Les enfants de l’empereur, pour maintenir leurs partages, sollicitèrent le clergé, et lui donnèrent des droits inouïs jusqu’alors. Ces droits étoient spécieux ; on faisoit entrer le clergé en garantie d’une chose qu’on avoit voulu qu’il autorisât. Agobard [1] représenta à Louis le Débonnaire qu’il avoit envoyé Lothaire à Rome pour le faire déclarer empereur ; qu’il avoit fait des partages à ses enfants, après avoir consulté le ciel par trois jours de jeûnes et de prières. Que pouvoit faire un prince superstitieux, attaqué d’ailleurs [2] par la superstition même ? On sent quel échec l’autorité souveraine reçut deux fois, par la prison de ce prince et sa pénitence publique.

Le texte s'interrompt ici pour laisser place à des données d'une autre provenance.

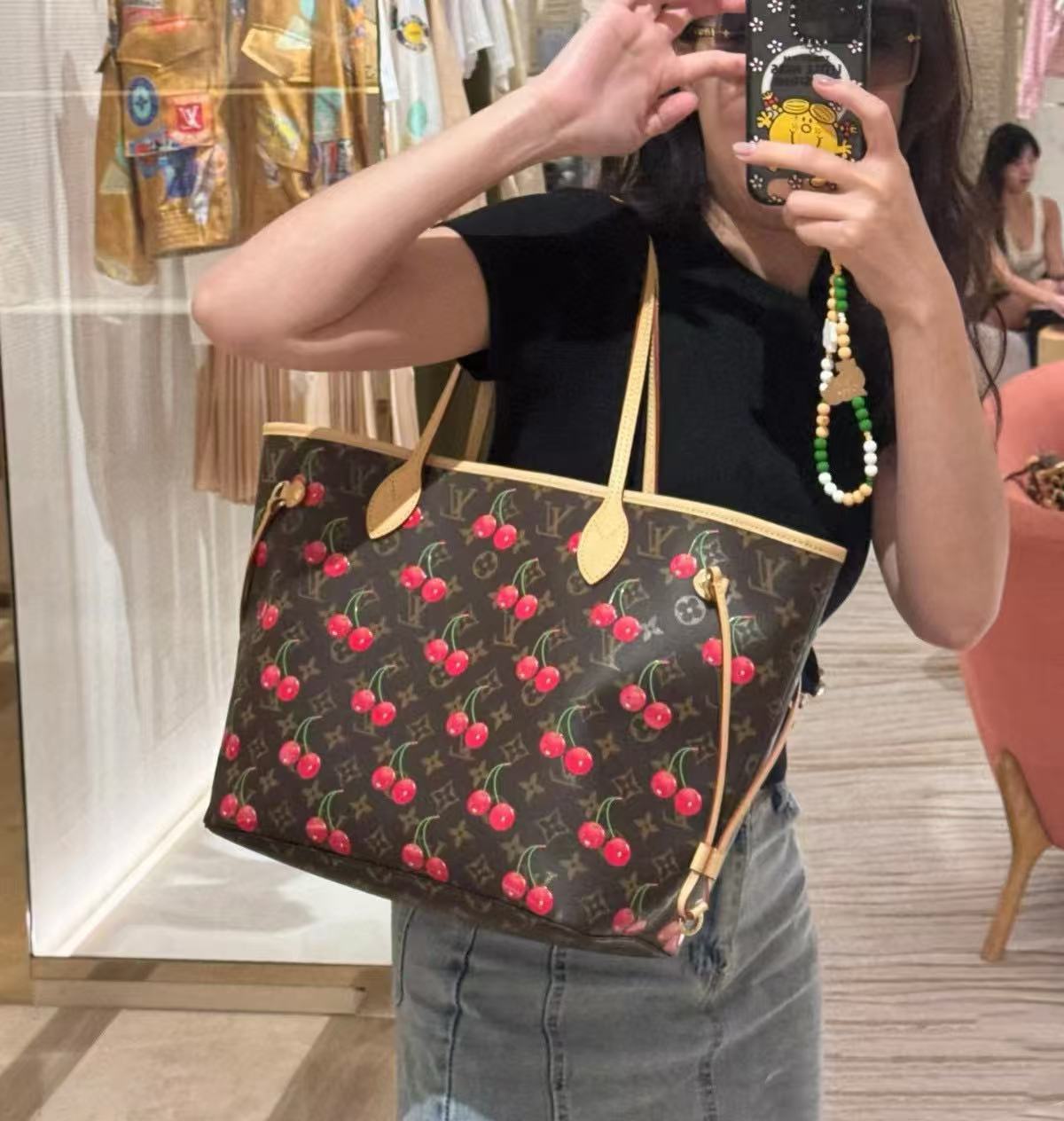 LVチェリーショッピングバッグ【50％割引+送料無料】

On avoit voulu dégrader le roi, on dégrada la royauté.

On a d’abord de la peine à comprendre comment un prince, qui avoit plusieurs bonnes qualités, qui ne manquoit pas de lumières, qui aimoit naturellement le bien, et, pour tout dire enfin, le fils de Charlemagne, pût avoir des ennemis si nombreux [3], si violents, si irréconciliables, si ardents à l’offenser, si insolents dans son humiliation, si déterminés à le perdre ; et ils auroient perdu deux fois sans retour, si ses enfants, dans le fond plus honnêtes gens qu’eux, eussent pu suivre un projet, et convenir de quelque chose [4].

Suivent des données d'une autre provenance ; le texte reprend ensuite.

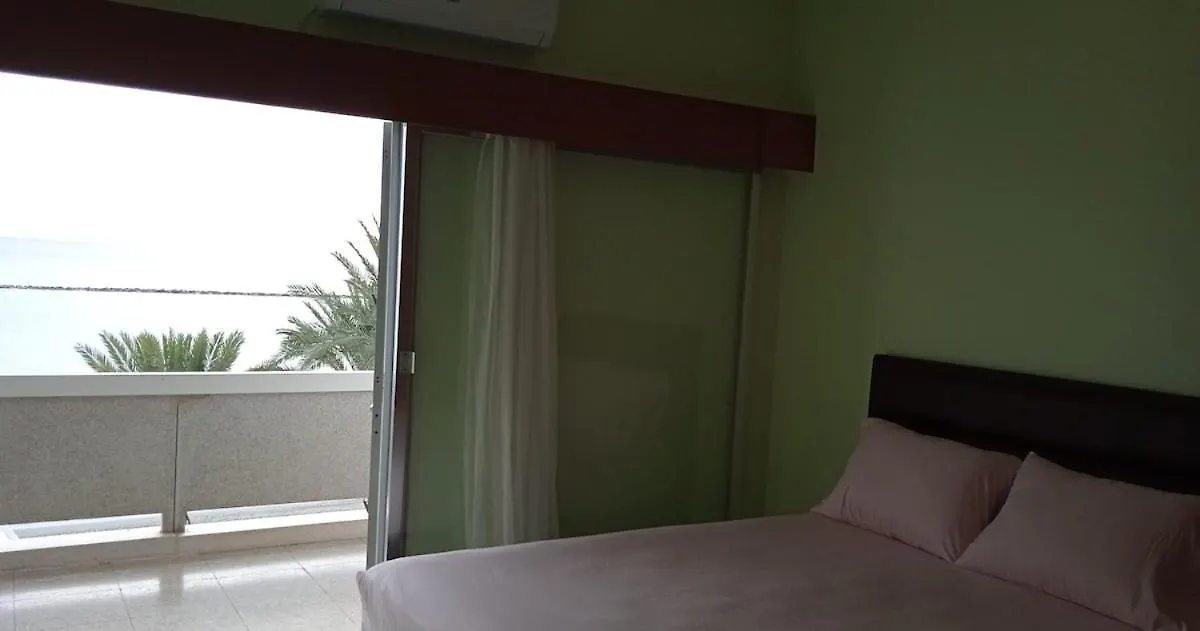 Enjoy Sunrise At Spacious 3Br Flat By The Seafront Voroklini 0*,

  1. Voyez ses lettres. (M.)
  2. D’ailleurs n’est pas dans A. B.
  3. Voyez le procès-verbal de sa dégradation dans le recueil de Duchesne, tome II, p. 331. Voyez aussi sa Vie écrite par Tégan. Tanto enim odio laborabat, ut tœderet eos vita ipsius, dit l’Auteur incertain, dans Duchesne, tome II, p. 307. (M.)
  4. Ce dernier paragraphe manque dans A. B.